Look below for the line with "Crispy Ground Turkey Rice Paper Dumplings", then repeat it and all lines after it, exactly, minus any pictures.
-------- DATASET CONTENT --------
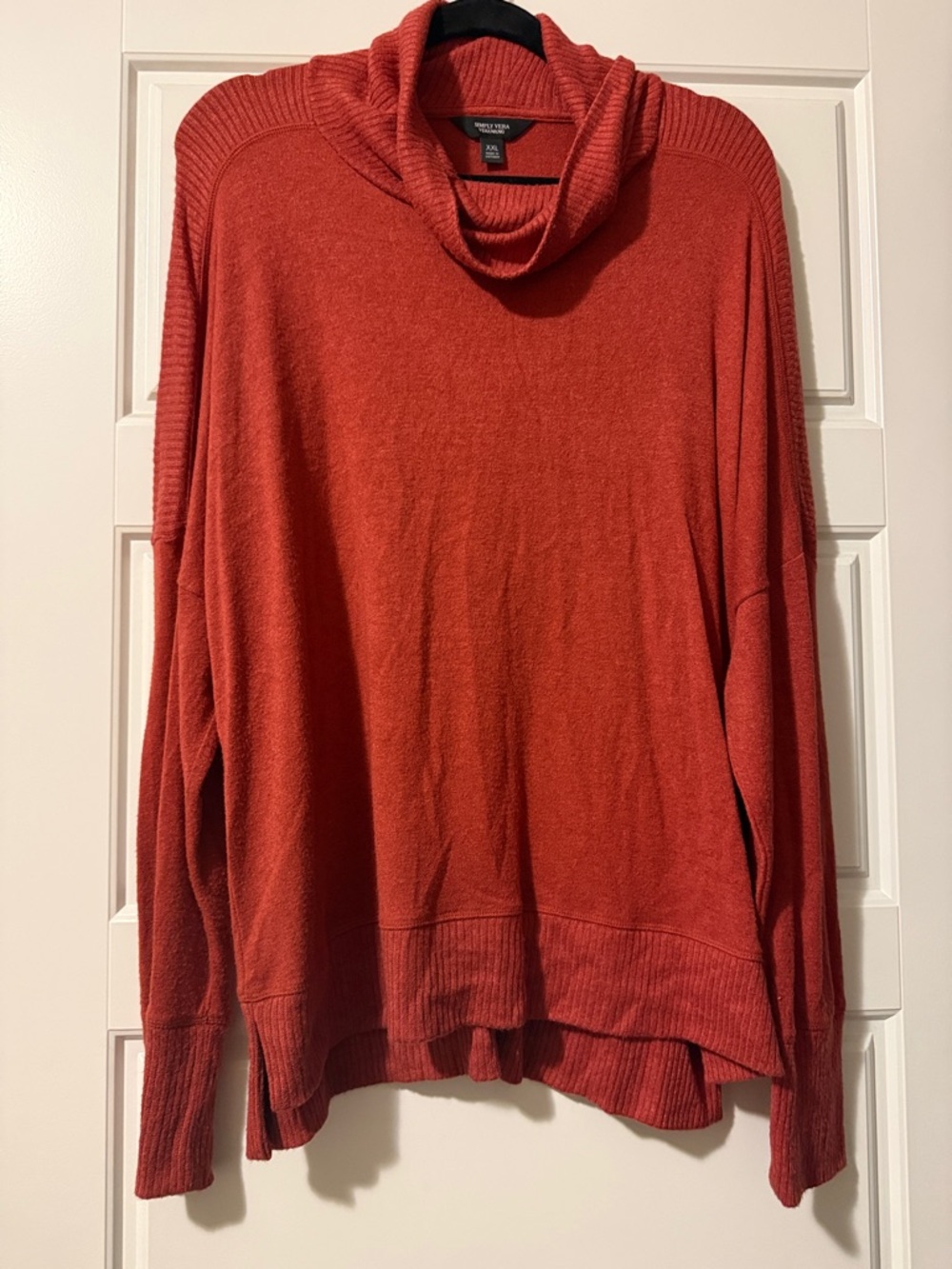Red Cowl-Neck Sweater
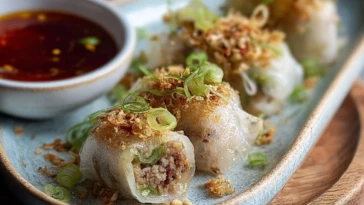 Crispy Ground Turkey Rice Paper Dumplings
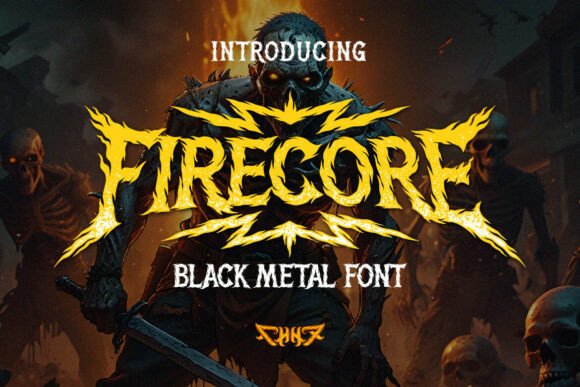 Firecore: A Font for Bold, Unapologetic Visuals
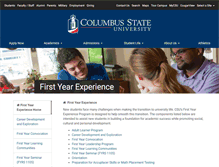 Tablet Screenshot of fye.columbusstate.edu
--------
» **ANSWER**
 Crispy Ground Turkey Rice Paper Dumplings
 Firecore: A Font for Bold, Unapologetic Visuals
 Tablet Screenshot of fye.columbusstate.edu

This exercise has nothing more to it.